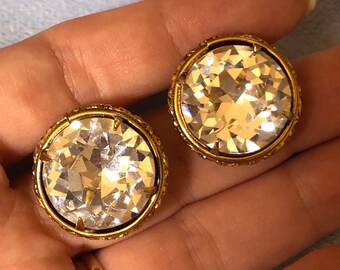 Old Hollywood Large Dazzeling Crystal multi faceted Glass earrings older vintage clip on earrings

= = = = =

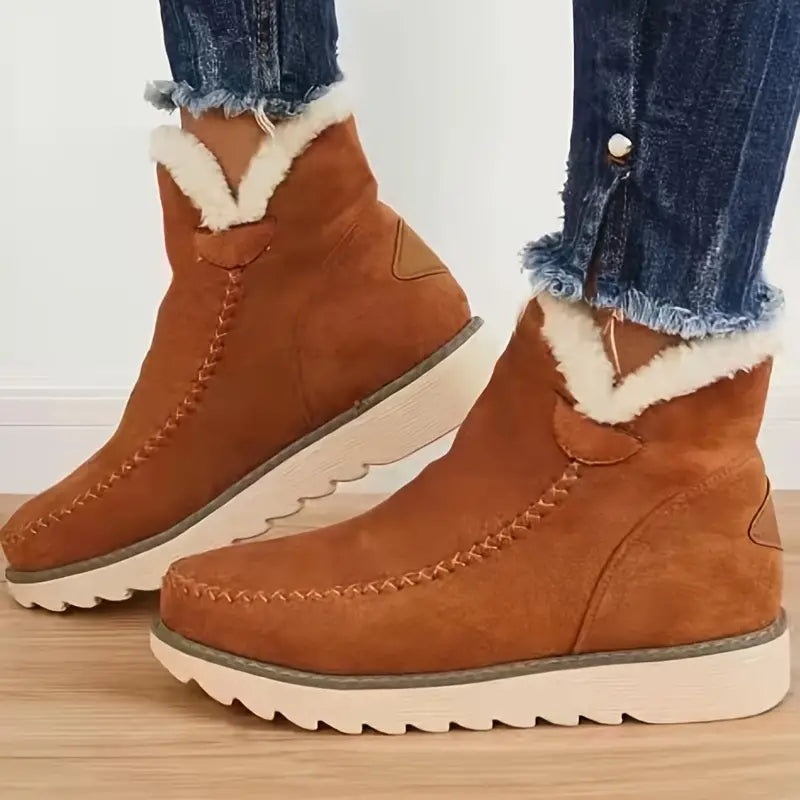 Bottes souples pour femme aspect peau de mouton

= = = = =

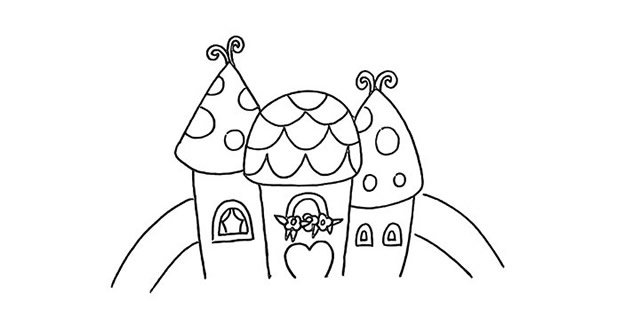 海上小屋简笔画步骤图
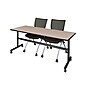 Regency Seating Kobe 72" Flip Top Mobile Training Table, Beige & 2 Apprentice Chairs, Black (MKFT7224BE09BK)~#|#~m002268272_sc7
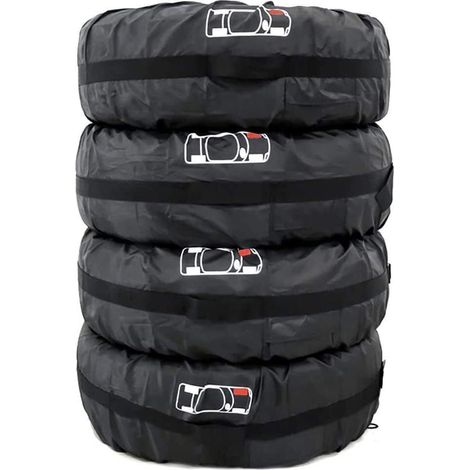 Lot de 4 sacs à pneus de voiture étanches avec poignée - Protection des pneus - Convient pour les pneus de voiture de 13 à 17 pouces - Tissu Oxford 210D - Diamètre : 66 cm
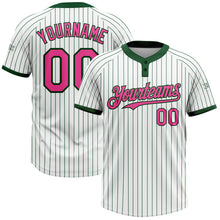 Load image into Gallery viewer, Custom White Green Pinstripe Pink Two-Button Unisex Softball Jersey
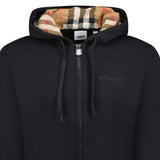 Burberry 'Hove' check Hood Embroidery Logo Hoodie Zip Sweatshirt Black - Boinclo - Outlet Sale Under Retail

= = = = =

Only the lines above from the one containing "Lot de 4 sacs" through the one containing "Burberry 'Hove' check" should be returned, verbatim and inclusive, with pictures excluded.

OUTPUT BELOW:
 Lot de 4 sacs à pneus de voiture étanches avec poignée - Protection des pneus - Convient pour les pneus de voiture de 13 à 17 pouces - Tissu Oxford 210D - Diamètre : 66 cm
 Load image into Gallery viewer, Custom White Green Pinstripe Pink Two-Button Unisex Softball Jersey
 Burberry 'Hove' check Hood Embroidery Logo Hoodie Zip Sweatshirt Black - Boinclo - Outlet Sale Under Retail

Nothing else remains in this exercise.